Alright, do you have discord? or what communications do you prefer

[rminderhoud]

Hi all, experiencing the same issue on our window server box. The request fails with status 0 however accessing the page with curl or Invoke-WebRequest returns 200. I do not get the same cURL error as @typeshi12 above. The only recent change was updating MSVC compiler and updating CPR.

[rminderhoud]

So I've dug in more, I observed the issue with two SSL certificates, one from Let's Encrypt and one from Google Trusted Host via cloudflare.

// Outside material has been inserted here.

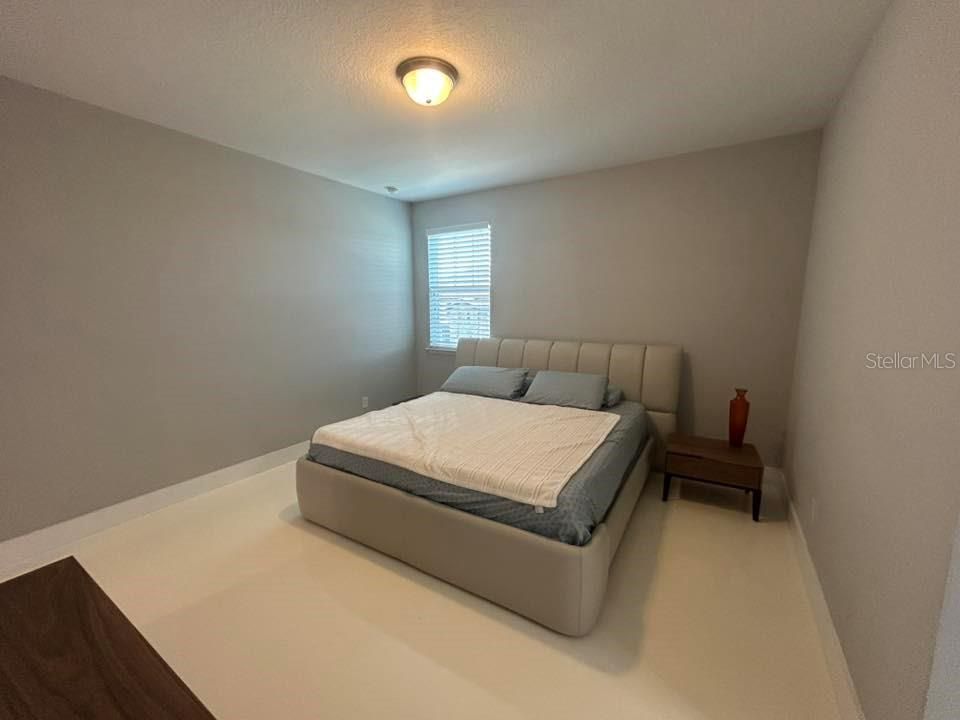 For Sale: $899,999 (5 beds, 4 baths, 4121 Square Feet)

The following oid's appear when validating the certification (thanks @Enziferum for your investigation):

• 1.2.840.10045.4.3.2
• 1.2.840.10045.4.3.3

These do not appear in libcurl's OID tables but a recent change to libcurl made this an explicit error:

• curl/curl@13ca438

Previously this was not an error, in a newer commit more known OID are added so this shouldn't be an issue if libcurl is updated:

• curl/curl@eacec9a

So generally the proper fix is for CPR to update to a newer libcurl later to incorporate these new OID. For users, these are the options:

• Use a different type of SSL certificate if you control the host
• Patch libcurl in local build to include these OID or restore old behavior
• Patch cpr to a newer libcurl version
• Downgrade cpr/libcurl to older version

[COM8]

@rminderhoud good catch! I will work on an update to libcurl 8.10.1 this weekend.